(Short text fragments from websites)
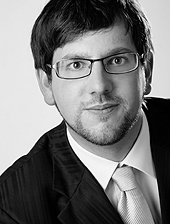 Information about incentive schemes in the field of renewable energies, smart grid, smart energy and smart home. Working as a journalist and author.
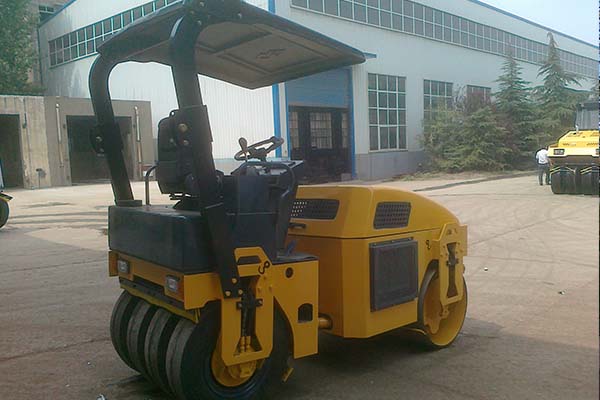 3噸壓路機(jī)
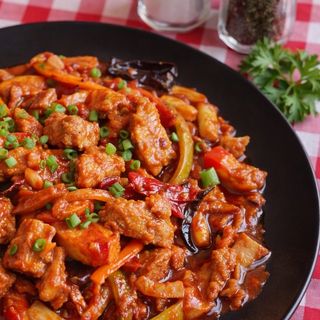 Tigaie picanta de pui 350 g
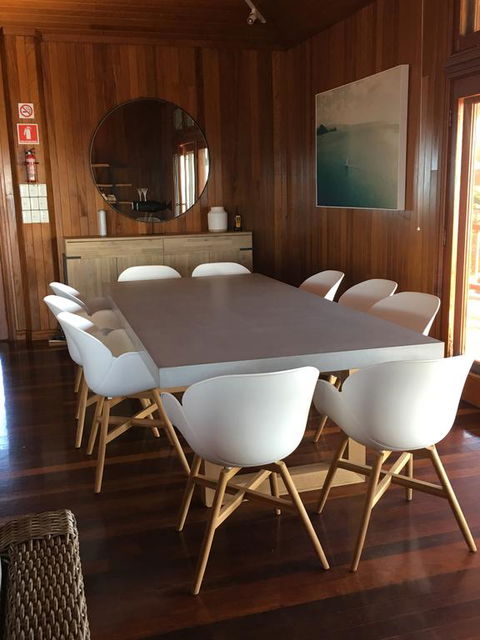 Camp Island Lodge - Accommodation Sunshine Coast 2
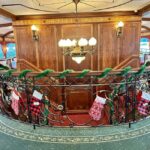 Budapest: Christmas and Holiday Danube Dinner Cruise - The Pros and Cons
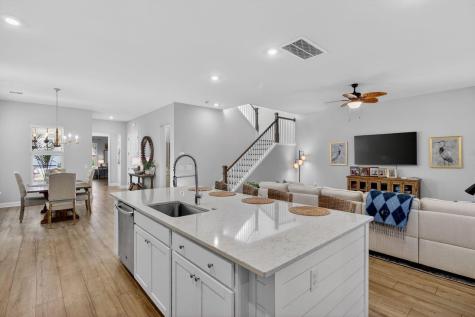 1963 Longhorn Lane Summerville SC 29485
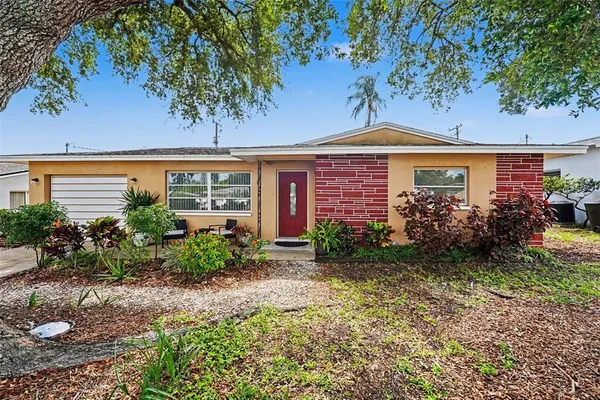 $339,500 | 1251 Oakview Avenue, Clearwater, FL 33756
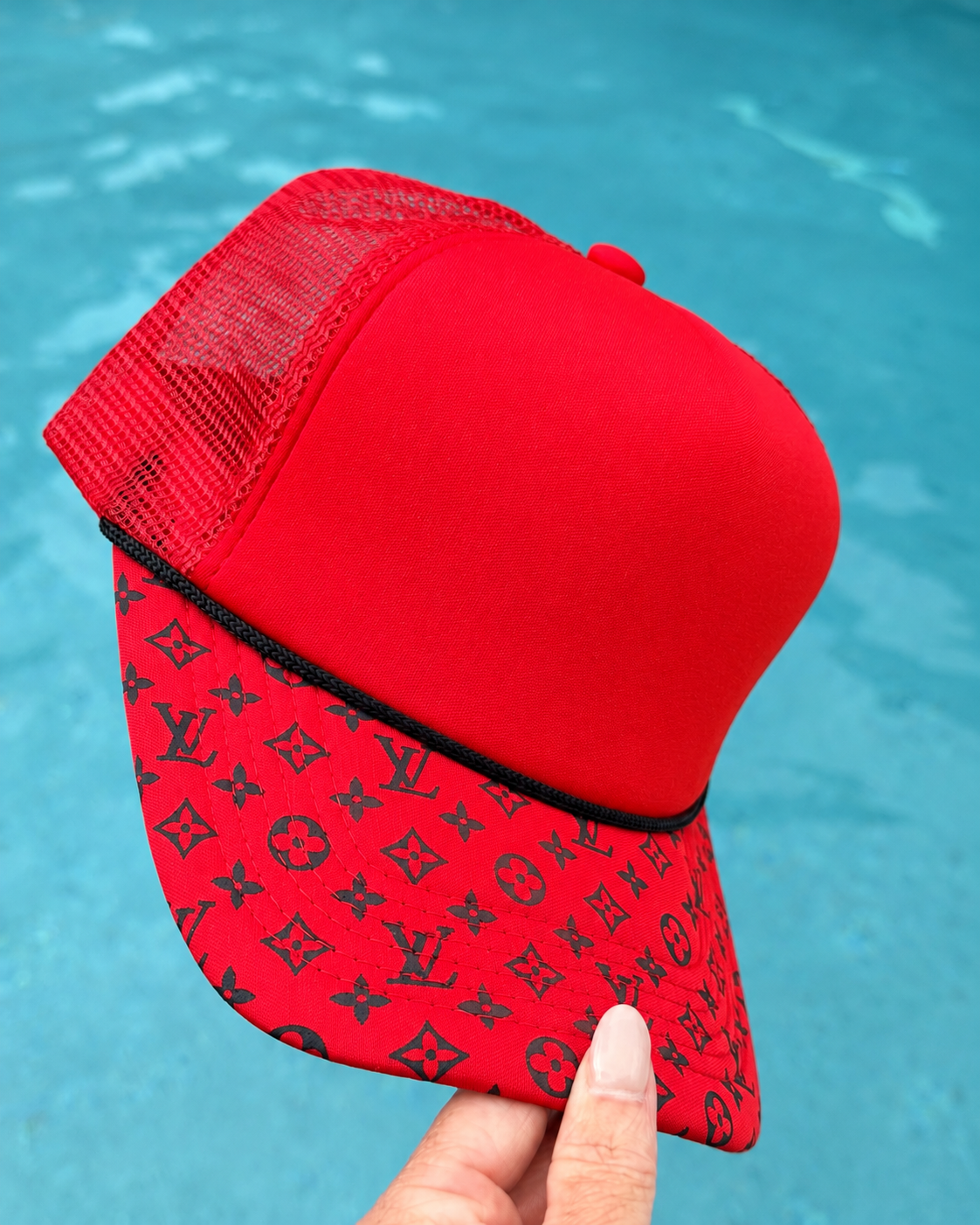 Custom Trucker Hat-Red L  V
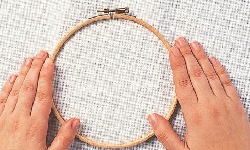 How to use an embroidery hoop for cross stitch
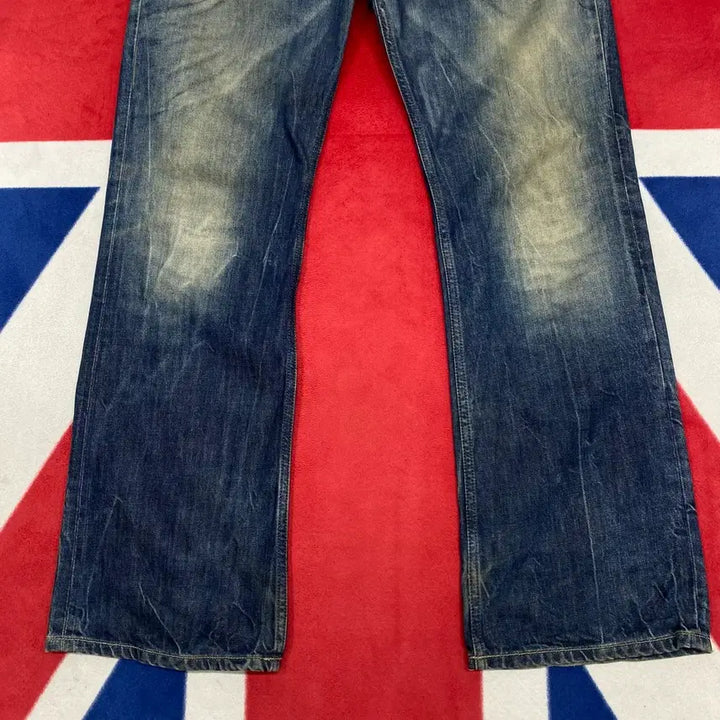 [SOLD OUT] 디젤 자티니 워싱 데님팬츠 33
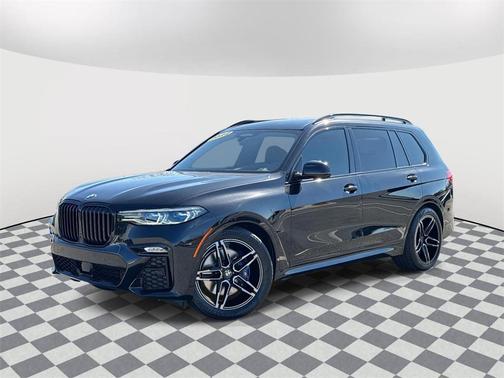 2022 BMW X7 M50i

### THE TASK
Give back every record exactly, dropping its pictures.

### SOLUTION FOR THIS EXERCISE
 Information about incentive schemes in the field of renewable energies, smart grid, smart energy and smart home. Working as a journalist and author.
 3噸壓路機(jī)
 Tigaie picanta de pui 350 g
 Camp Island Lodge - Accommodation Sunshine Coast 2
 Budapest: Christmas and Holiday Danube Dinner Cruise - The Pros and Cons
 1963 Longhorn Lane Summerville SC 29485
 $339,500 | 1251 Oakview Avenue, Clearwater, FL 33756
 Custom Trucker Hat-Red L  V
 How to use an embroidery hoop for cross stitch
 [SOLD OUT] 디젤 자티니 워싱 데님팬츠 33
 2022 BMW X7 M50i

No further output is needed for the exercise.